▶ Prompt
Only the closing stretch of the material belongs in the answer: the line containing "Rumah Berkembar untuk" and every line after it, copied exactly.

Dataset extract Start Marker

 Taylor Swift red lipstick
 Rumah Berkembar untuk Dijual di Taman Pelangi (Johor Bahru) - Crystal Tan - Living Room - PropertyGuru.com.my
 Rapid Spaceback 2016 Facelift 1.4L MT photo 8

Dataset extract End Marker

▶ Output of the task
 Rumah Berkembar untuk Dijual di Taman Pelangi (Johor Bahru) - Crystal Tan - Living Room - PropertyGuru.com.my
 Rapid Spaceback 2016 Facelift 1.4L MT photo 8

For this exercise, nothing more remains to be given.